> Stored data:
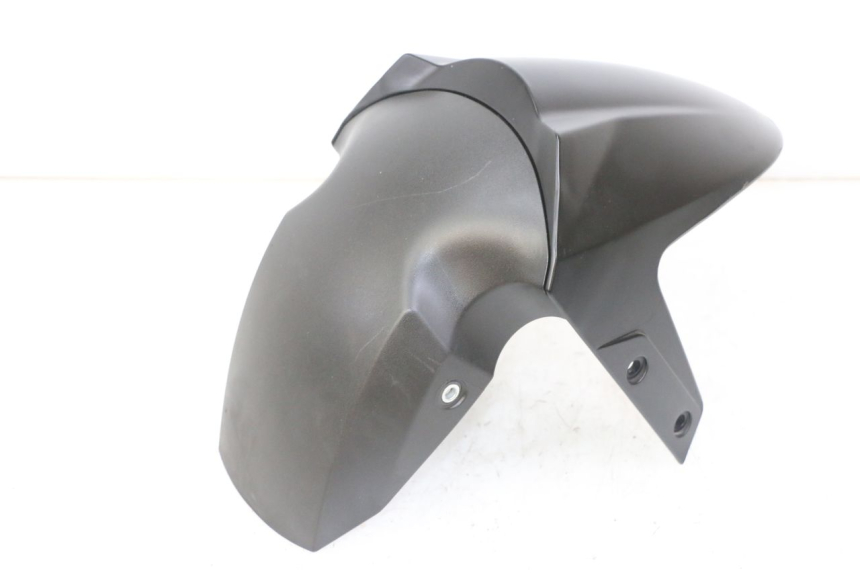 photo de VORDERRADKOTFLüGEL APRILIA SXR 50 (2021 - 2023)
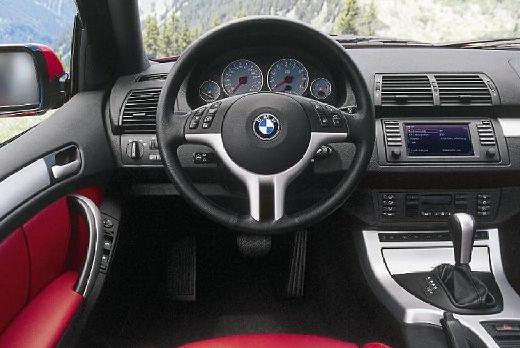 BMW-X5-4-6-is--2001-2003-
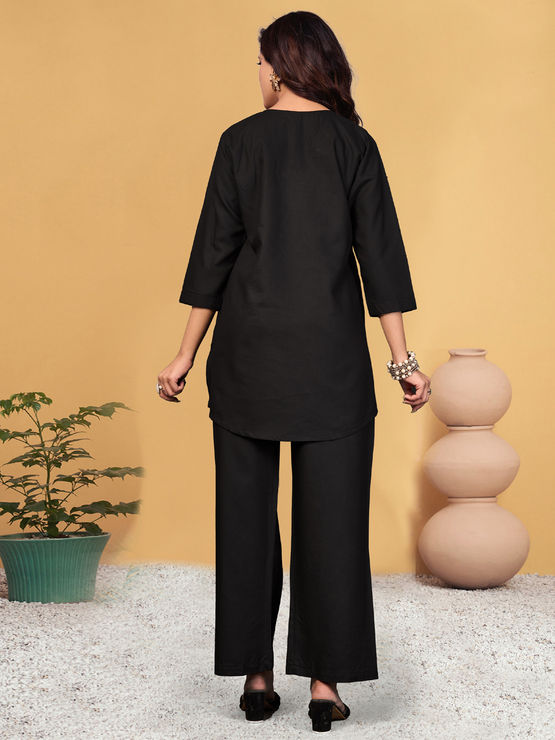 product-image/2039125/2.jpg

> Work order:
Omit the pictures, and quote the material above exactly as given.

> Result of this task:
 photo de VORDERRADKOTFLüGEL APRILIA SXR 50 (2021 - 2023)
 BMW-X5-4-6-is--2001-2003-
 product-image/2039125/2.jpg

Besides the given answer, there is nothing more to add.